6. En premier lieu, la commune de Frouzins a présenté au tribunal administratif de Toulouse des conclusions tendant, d'une part, à l'annulation pour excès de pouvoir de la délibération du 12 novembre 2019 en tant qu'elle fixe pour elle des attributions de compensation définitives pour un montant total de - 200 999 euros, d'autre part, à ce qu'il soit enjoint à la communauté d'agglomération " Le Muretain Agglo " de lui reverser la somme de 200 999 euros. A l'appui de ses conclusions en annulation partielle, la commune avait soulevé non seulement un moyen de légalité externe, tiré de l'insuffisante information des conseillers communautaires, mais encore des moyens de légalité interne, tirés d'erreurs de droit et d'appréciation. En se bornant à indiquer dans sa demande devant le tribunal administratif de Toulouse, avant la présentation des moyens de légalité interne, " si par extraordinaire le tribunal de céans considérait la délibération litigieuse comme régulière, il ne pourrait toutefois que l'annuler au titre de son illégalité interne ", la commune de Frouzins n'a pas choisi de hiérarchiser ses prétentions en fonction de la cause juridique sur laquelle reposaient ses conclusions à fin d'annulation. Par le jugement contesté, le tribunal a accueilli le moyen de légalité externe, a prononcé l'annulation partielle de la délibération du 12 novembre 2019 " sans qu'il soit besoin d'examiner les autres moyens de la requête " et a rejeté les conclusions à fin d'injonction en se fondant notamment sur le " motif qui fonde cette annulation ". En statuant ainsi, les premiers juges doivent être regardés comme ayant nécessairement écarté les moyens de légalité interne soulevés par la commune de Frouzins et comme ayant, par voie de conséquence, rejeté ses conclusions à fin d'injonction de reversement de la somme de 200 999 euros. La commune de Frouzins n'est pas fondée à soutenir, pour contester la régularité du jugement attaqué, qu'en s'abstenant d'examiner prioritairement les moyens de légalité interne qui, s'ils avaient été fondés, auraient été de nature à justifier, outre l'annulation partielle de la délibération, le prononcé de l'injonction sollicitée, le tribunal aurait méconnu son office de juge de l'excès de pouvoir, tel que décrit aux points 2 à 4.

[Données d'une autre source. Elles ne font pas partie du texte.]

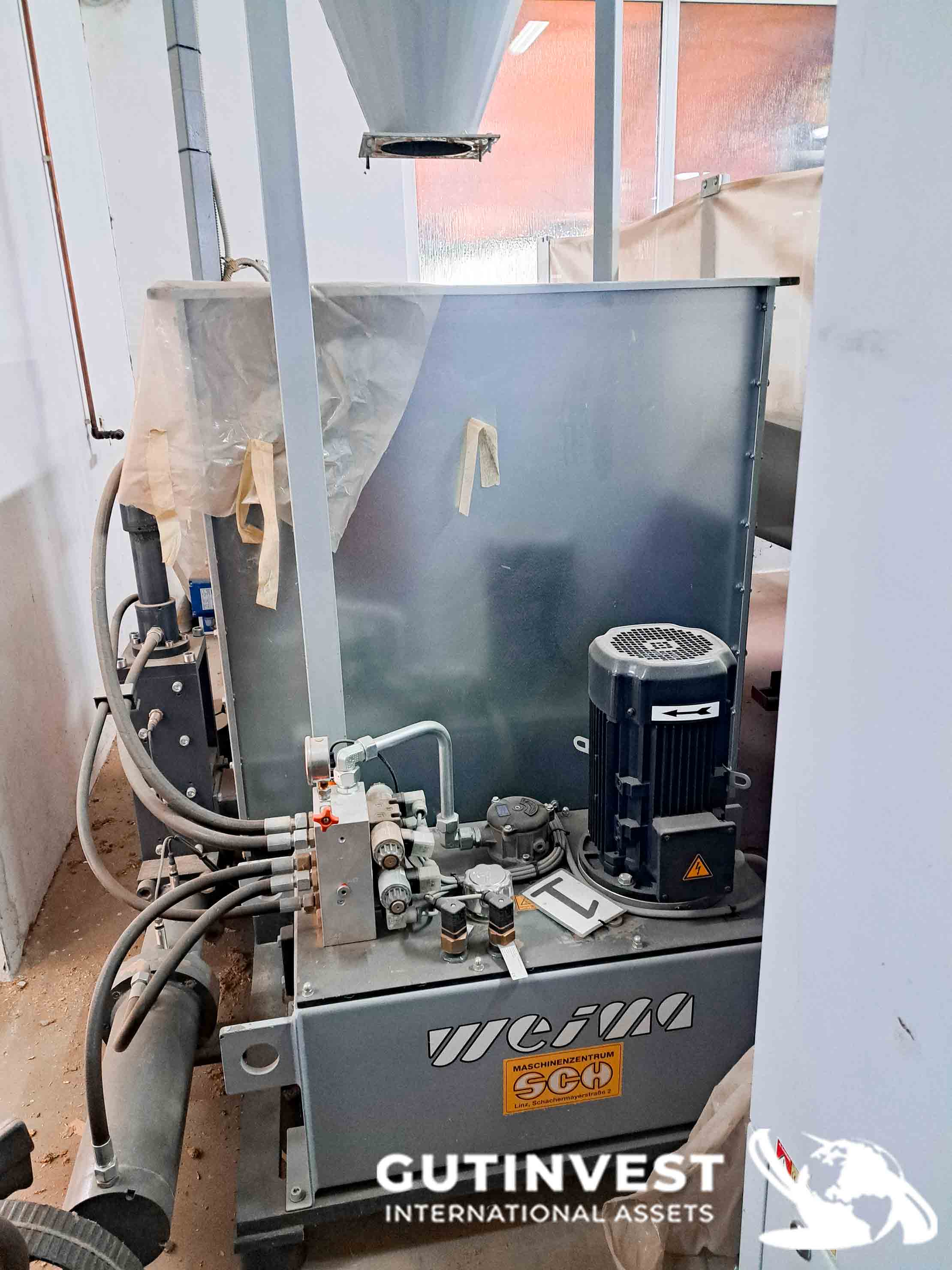 Briquette production machine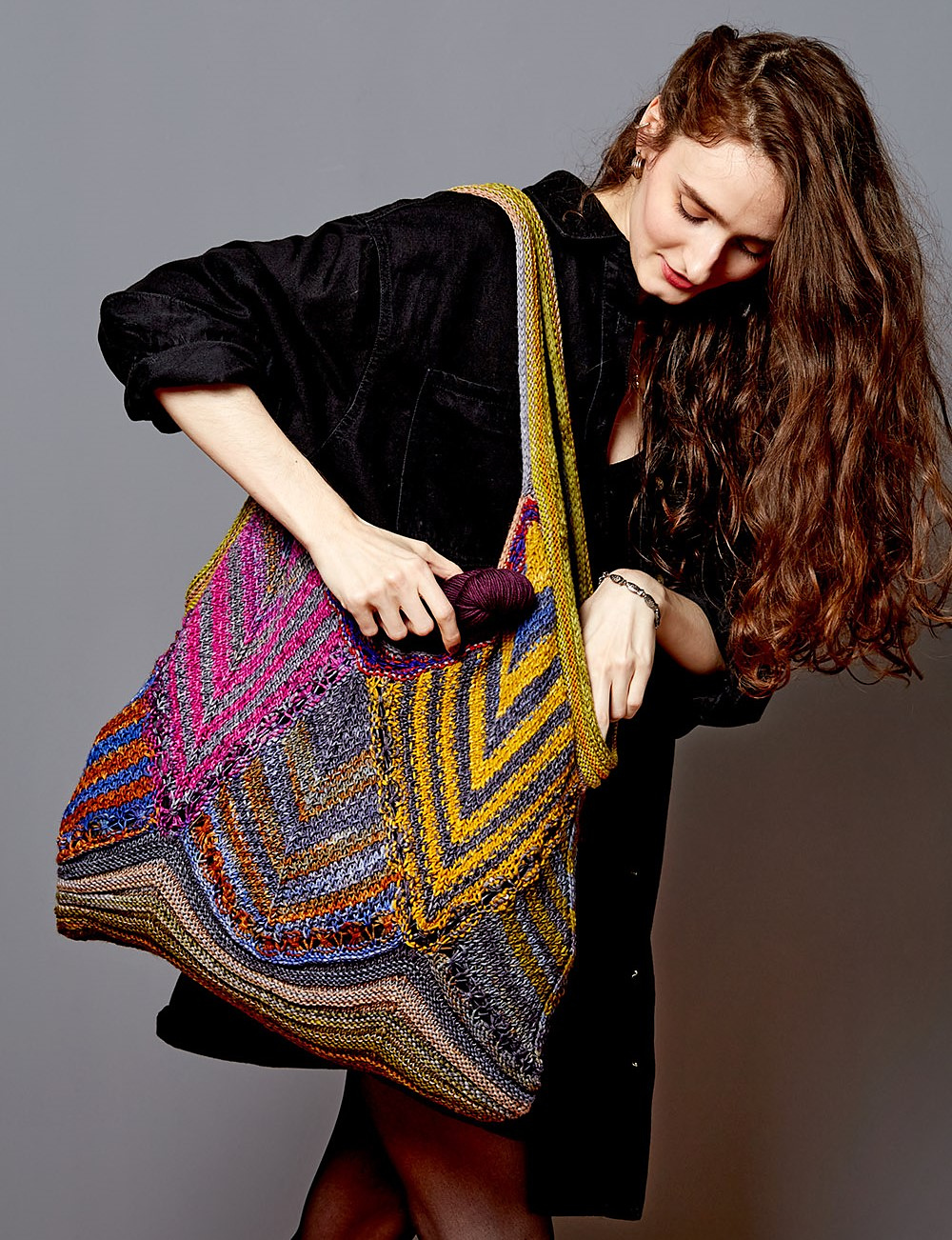 Knit a 'Scrapbuster Satchel' Designed by Catherine Salter Bayar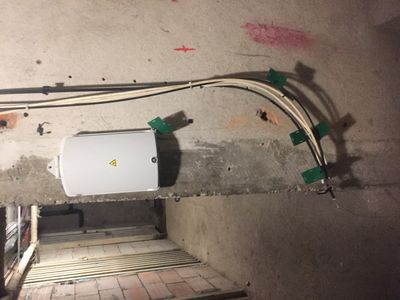 Photo de l'installation fibre vandalisée dans l'immeuble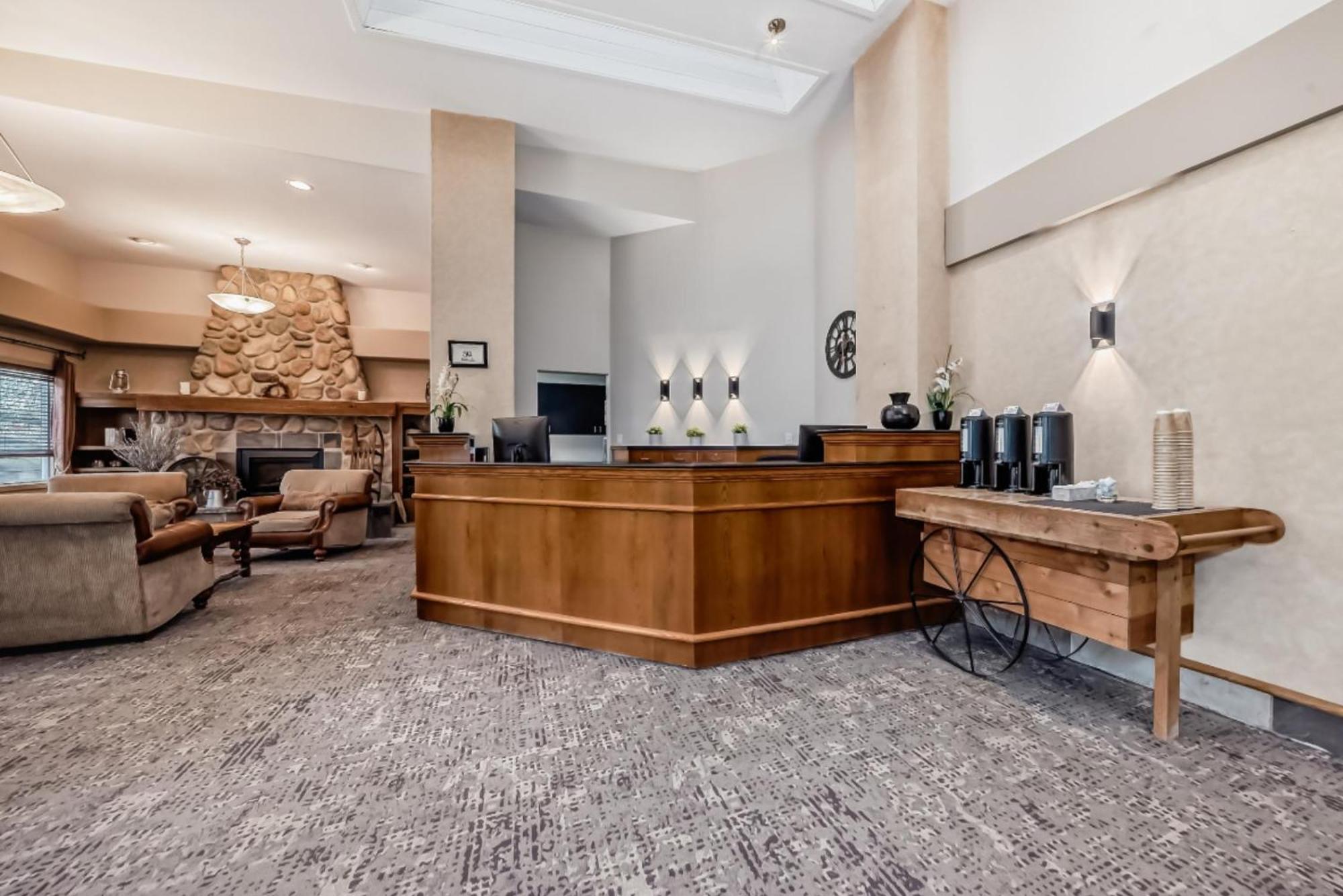 Stony Plain Inn & Suites Eksteriør billede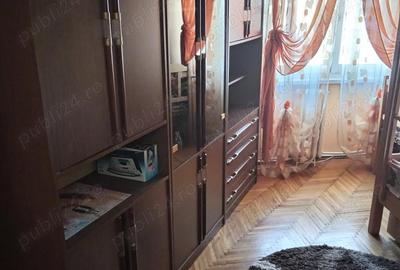 Apartament cu 3 camere decomandat în Ilișești - 1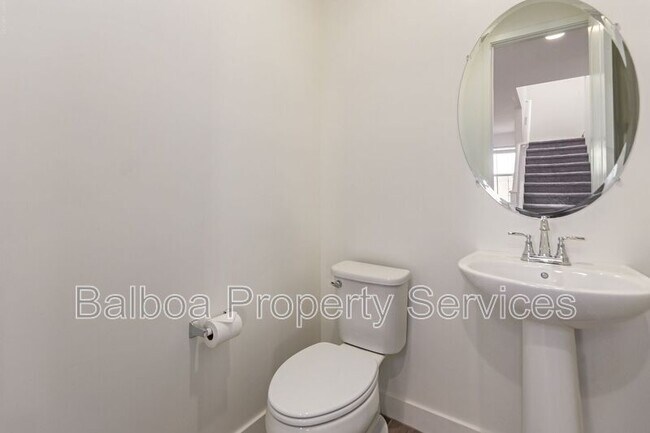 Building Photo - 5528 S Dillon Cir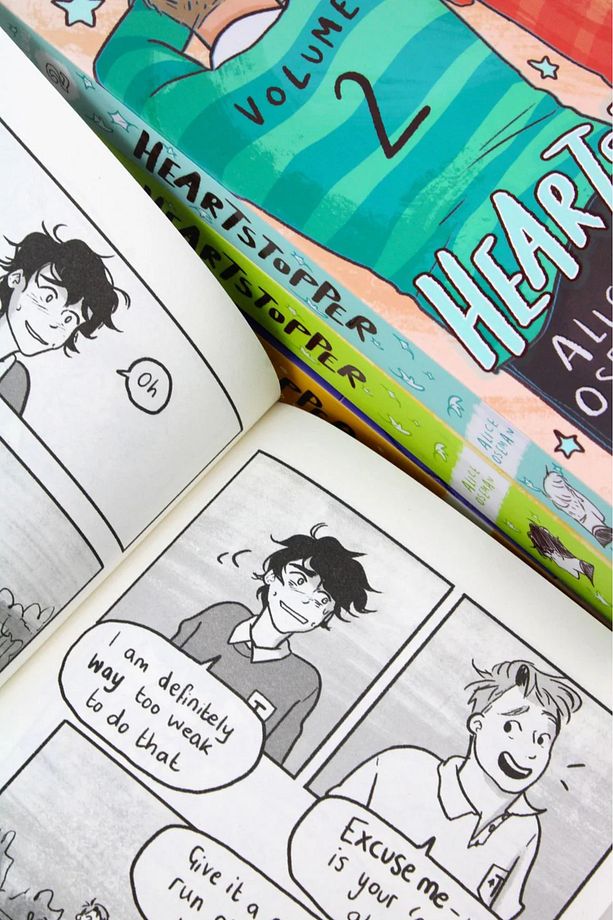 İngilizce: Heartstopper Series Volume 1-4 Book Collection Set By Alice Oseman Netflıx Series - 8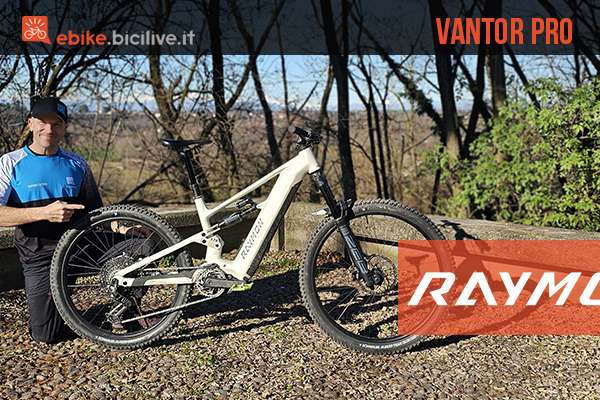 Foto di Claudio Riotti durante il test della eMTB Raymon Vantor Pro.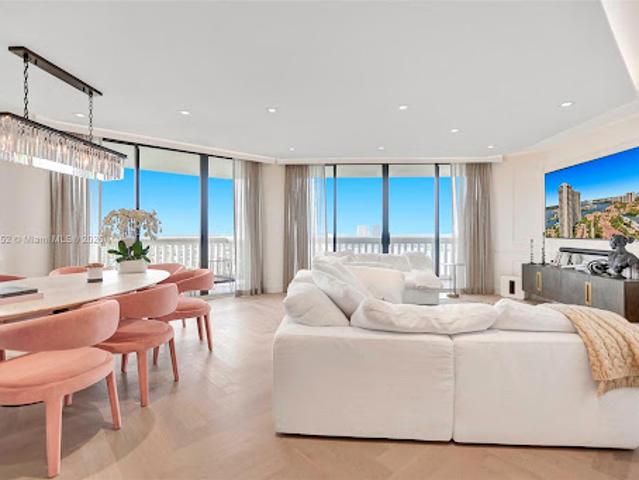 Apartment for sale in Aventura, Florida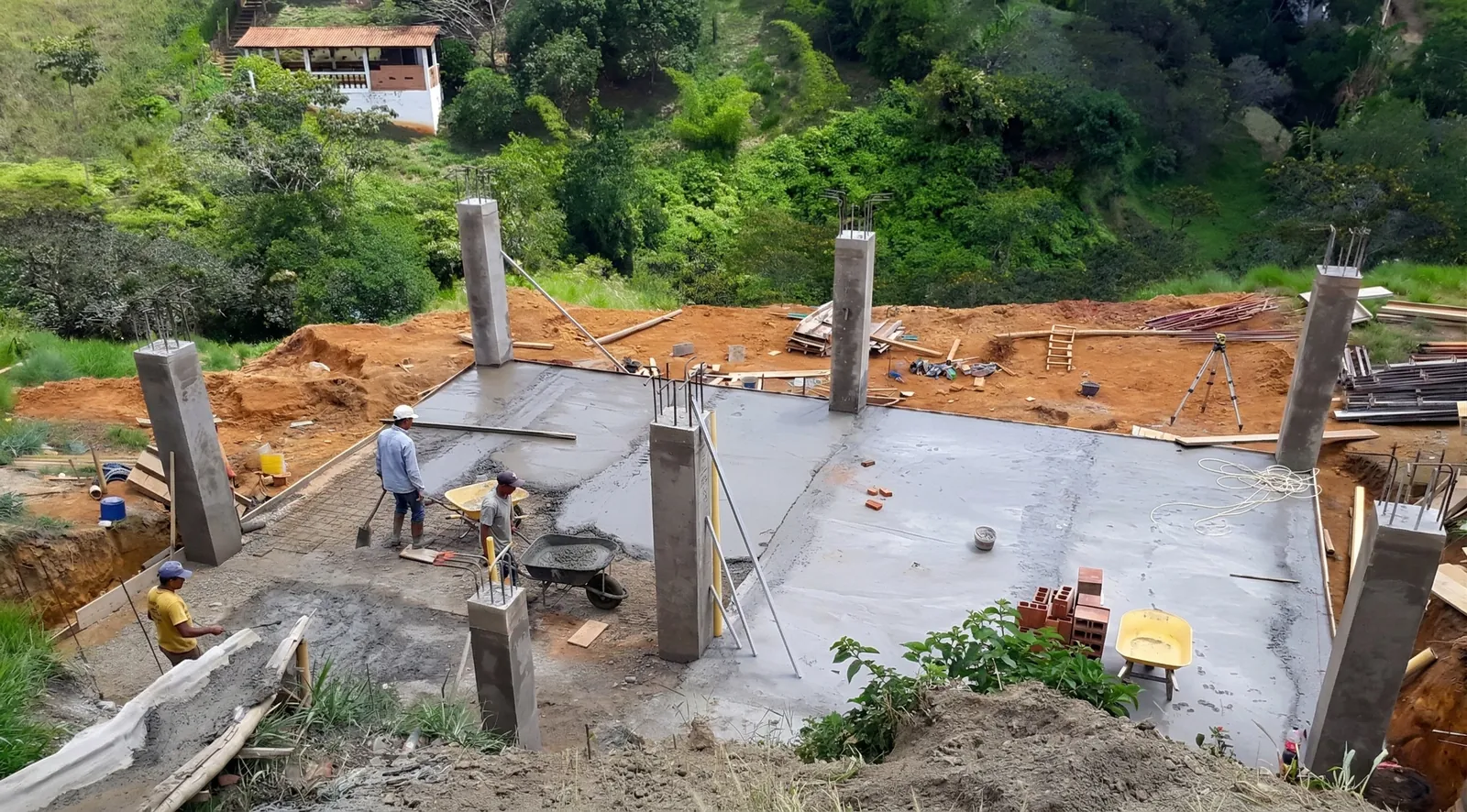 Cimentación con pilares de concreto en obra civil corporativa — Parámetro Soluciones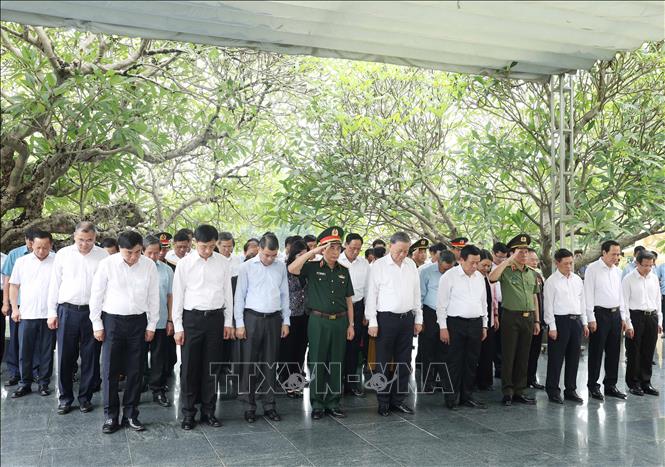 Tổng Bí thư Tô Lâm dâng hương tưởng niệm các Anh hùng, Liệt sĩ tại Điện Biên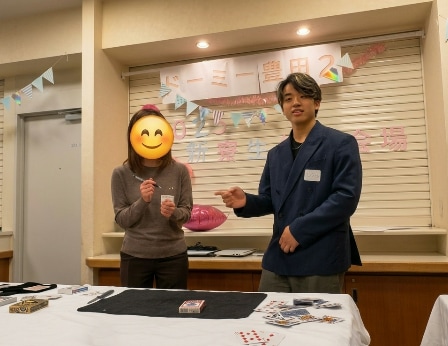 数十名規模　プロマジシャンが盛り上げます 数十人規模の懇親会やパーティーで、会場に一体感を生み出します イメージ2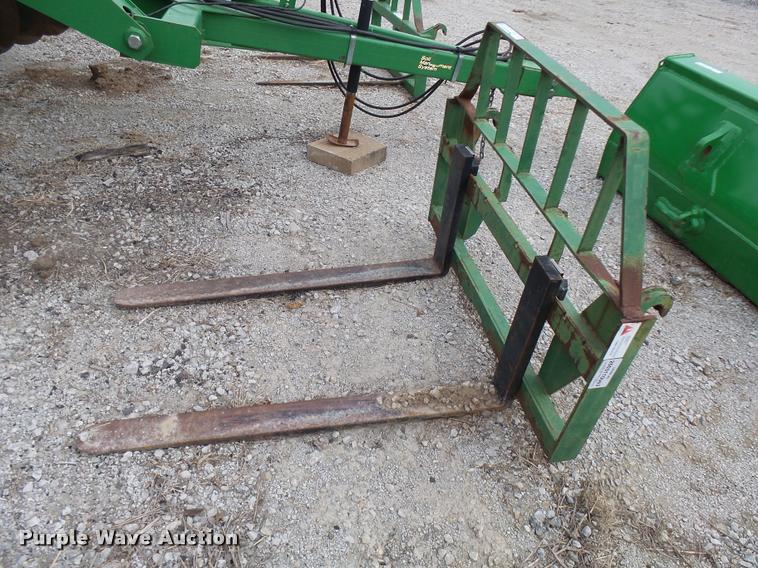 image for item CC9106 John Deere pallet forks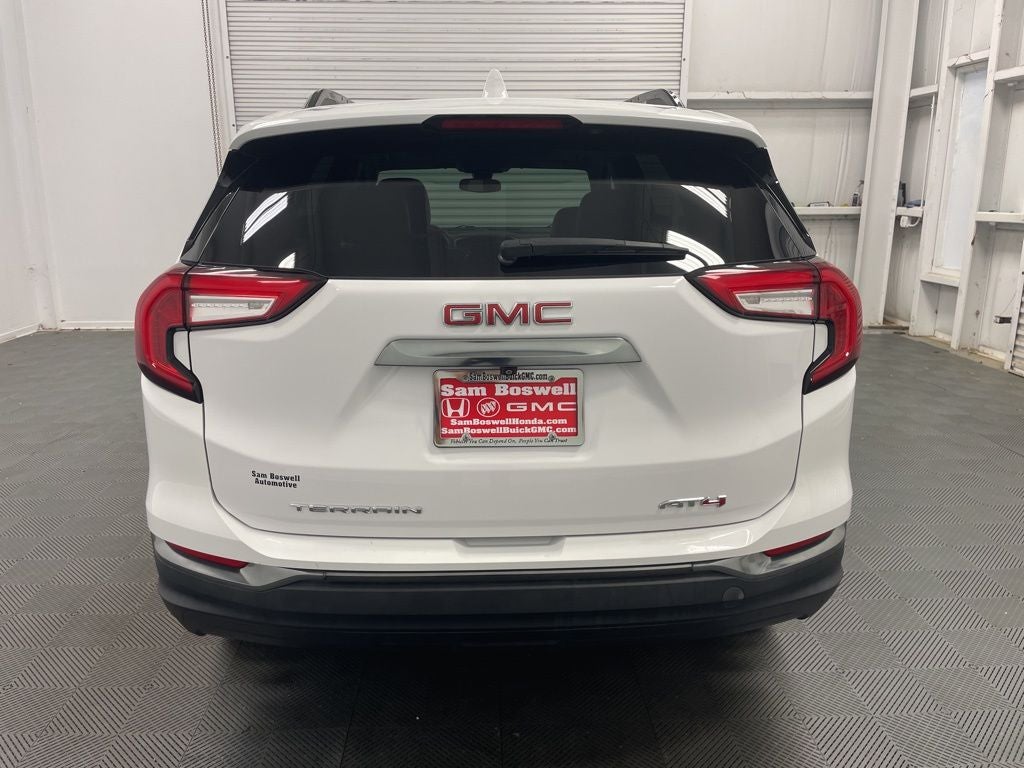 2022 GMC Terrain AT4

7. En deuxième lieu, aux termes de l'article L. 9 du code de justice administrative : " Les jugements sont motivés ". Pour rejeter la demande d'injonction présentée par la commune de Frouzins, le tribunal administratif de Toulouse a indiqué, au point 8 du jugement contesté, que l'annulation partielle de la délibération du 12 novembre 2019 n'impliquait pas " compte tenu du motif qui fonde cette annulation et dès lors que le versement de l'attribution de compensation revêt un caractère obligatoire, que la communauté d'agglomération " Le Muretain Agglo " rembourse à la commune de Frouzins la somme qu'elle a versée au titre de l'attribution de compensation 2019 ". Contrairement à ce que soutient la commune de Frouzins, les premiers juges ont ainsi suffisamment motivé leur jugement sur ce point.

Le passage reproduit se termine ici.